O'WEI, Mondolkiri Province-A rag-tag army of lightly armed but highly respected tribal

guerrillas ended their long hit-and-run war against the Vietnamese government Oct.

10 in a remote forest clearing in eastern Cambodia.

The tough Montagnard fighters of FULRO-the United Front for the Liberation of Oppressed

Races-and their families, 398 people in all, were shuttled out of their idyllic but

harsh sanctuary in Mondolkiri province.

They are now in Phnom Penh under heavy U.N. security and are being processed by U.S.

officials for resettlement in the west.

U.S. officials in Cambodia say that a flurry of high-level behind the scenes political

maneuvering in recent weeks has bypassed normal refugee channels and the entire group

is almost guaranteed to be resettled in the United States-most likely in North Carolina.

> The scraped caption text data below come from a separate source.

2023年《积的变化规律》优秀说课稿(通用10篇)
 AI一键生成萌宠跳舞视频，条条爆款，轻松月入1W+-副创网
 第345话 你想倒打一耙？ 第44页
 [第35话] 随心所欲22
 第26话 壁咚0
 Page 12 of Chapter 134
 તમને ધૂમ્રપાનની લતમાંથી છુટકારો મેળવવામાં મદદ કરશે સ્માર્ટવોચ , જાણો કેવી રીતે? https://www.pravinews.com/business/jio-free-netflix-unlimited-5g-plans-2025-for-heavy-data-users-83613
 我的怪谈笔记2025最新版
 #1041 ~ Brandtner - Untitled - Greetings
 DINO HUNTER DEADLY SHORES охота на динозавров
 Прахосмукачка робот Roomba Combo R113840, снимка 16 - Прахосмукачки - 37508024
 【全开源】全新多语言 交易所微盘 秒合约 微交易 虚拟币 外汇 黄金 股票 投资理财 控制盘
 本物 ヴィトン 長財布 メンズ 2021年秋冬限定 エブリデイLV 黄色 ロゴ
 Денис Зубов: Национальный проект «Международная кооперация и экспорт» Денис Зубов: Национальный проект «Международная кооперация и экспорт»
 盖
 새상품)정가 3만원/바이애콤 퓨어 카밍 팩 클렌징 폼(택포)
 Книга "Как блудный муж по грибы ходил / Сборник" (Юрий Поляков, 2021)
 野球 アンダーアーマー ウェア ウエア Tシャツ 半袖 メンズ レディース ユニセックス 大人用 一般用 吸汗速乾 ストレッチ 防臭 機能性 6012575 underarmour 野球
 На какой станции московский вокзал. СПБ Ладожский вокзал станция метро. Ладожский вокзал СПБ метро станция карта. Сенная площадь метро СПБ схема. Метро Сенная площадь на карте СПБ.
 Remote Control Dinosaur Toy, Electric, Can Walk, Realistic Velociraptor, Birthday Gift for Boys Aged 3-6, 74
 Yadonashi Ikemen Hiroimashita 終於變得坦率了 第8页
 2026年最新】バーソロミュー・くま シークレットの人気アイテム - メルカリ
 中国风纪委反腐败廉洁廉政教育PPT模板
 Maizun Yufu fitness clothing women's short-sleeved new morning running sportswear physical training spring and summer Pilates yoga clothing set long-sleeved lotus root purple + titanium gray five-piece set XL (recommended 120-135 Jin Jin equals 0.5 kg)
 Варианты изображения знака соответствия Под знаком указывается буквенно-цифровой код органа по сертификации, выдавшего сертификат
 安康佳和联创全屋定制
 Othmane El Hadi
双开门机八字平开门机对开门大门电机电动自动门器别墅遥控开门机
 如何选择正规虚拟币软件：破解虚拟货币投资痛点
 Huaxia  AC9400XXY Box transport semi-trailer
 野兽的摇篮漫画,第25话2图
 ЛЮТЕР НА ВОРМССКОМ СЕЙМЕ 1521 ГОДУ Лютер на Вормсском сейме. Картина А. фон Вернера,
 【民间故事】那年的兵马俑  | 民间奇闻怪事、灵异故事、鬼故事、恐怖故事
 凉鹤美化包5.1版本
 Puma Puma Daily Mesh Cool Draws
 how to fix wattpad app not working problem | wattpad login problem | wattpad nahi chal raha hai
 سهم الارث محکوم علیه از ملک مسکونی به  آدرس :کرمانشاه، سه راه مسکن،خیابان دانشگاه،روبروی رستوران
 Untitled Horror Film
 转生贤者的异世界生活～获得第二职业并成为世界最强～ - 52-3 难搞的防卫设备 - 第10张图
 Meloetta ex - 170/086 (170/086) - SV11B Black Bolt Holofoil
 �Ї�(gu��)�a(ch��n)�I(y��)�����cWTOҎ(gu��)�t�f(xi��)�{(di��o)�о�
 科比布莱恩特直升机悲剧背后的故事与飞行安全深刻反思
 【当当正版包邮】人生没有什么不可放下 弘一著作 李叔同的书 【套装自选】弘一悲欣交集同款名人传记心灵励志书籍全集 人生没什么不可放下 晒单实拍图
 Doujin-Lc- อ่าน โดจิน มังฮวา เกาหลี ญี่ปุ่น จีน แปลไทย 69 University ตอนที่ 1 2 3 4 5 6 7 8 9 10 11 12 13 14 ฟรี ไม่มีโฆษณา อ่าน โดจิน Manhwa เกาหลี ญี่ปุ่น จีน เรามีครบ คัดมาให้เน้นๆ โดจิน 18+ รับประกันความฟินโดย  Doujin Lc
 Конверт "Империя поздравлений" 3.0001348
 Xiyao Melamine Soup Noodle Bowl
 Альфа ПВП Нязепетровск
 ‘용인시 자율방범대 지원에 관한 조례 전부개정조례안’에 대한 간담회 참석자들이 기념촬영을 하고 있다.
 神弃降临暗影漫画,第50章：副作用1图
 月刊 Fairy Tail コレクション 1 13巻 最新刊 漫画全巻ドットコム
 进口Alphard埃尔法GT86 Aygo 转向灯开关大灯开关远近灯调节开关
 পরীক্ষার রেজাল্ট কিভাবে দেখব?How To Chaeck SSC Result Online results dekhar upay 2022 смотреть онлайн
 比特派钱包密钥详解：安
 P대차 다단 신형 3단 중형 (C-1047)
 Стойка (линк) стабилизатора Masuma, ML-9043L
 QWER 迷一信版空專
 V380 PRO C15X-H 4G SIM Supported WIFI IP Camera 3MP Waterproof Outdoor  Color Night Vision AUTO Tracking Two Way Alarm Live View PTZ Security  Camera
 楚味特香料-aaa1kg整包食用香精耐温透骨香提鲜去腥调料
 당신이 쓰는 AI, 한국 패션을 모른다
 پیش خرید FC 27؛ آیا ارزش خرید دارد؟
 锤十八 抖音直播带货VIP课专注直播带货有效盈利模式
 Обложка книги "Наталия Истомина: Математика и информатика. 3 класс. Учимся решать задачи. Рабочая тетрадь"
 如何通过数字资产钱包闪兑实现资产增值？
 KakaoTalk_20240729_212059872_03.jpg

One American diplomat in Phnom Penh said that the U.S. government had been ''cutting

corners left and right to expedite their going to the U.S. It is almost unheard of.''

He said that the streamlined processing of the refugees was motivated by a "moral

responsibility'' that the U.S. had to the fighters.

Their forgotten war began in 1964 and picked up steam when they were armed and trained

by the United States to fight the Vietnamese communists.

FULRO leaders say that the Americans fell back on a promise to give them continued

covert support after the U.S. defeat in Vietnam. The betrayal was just one of many

over the last several decades.

Once promised an autonomous state in the central highlands of Vietnam by the French

colonial powers, the Montagnards-at one point 10,000 fighters strong-fought alongside

various regimes who promised to help them achieve their goal of self rule.

Abandoned or betrayed by all, the Montagnards carried on their struggle without foreign

assistance after the fall of South Vietnam in 1975, suffering heavy losses in the

late 1970s.

Before boarding six massive M1-26 helicopters, the last 15 armed guerrillas of a

force of about 250 ceremonially handed over their aged but immaculately-maintained

weapons to Uruguayan soldiers of Cambodia's U.N. peacekeeping force.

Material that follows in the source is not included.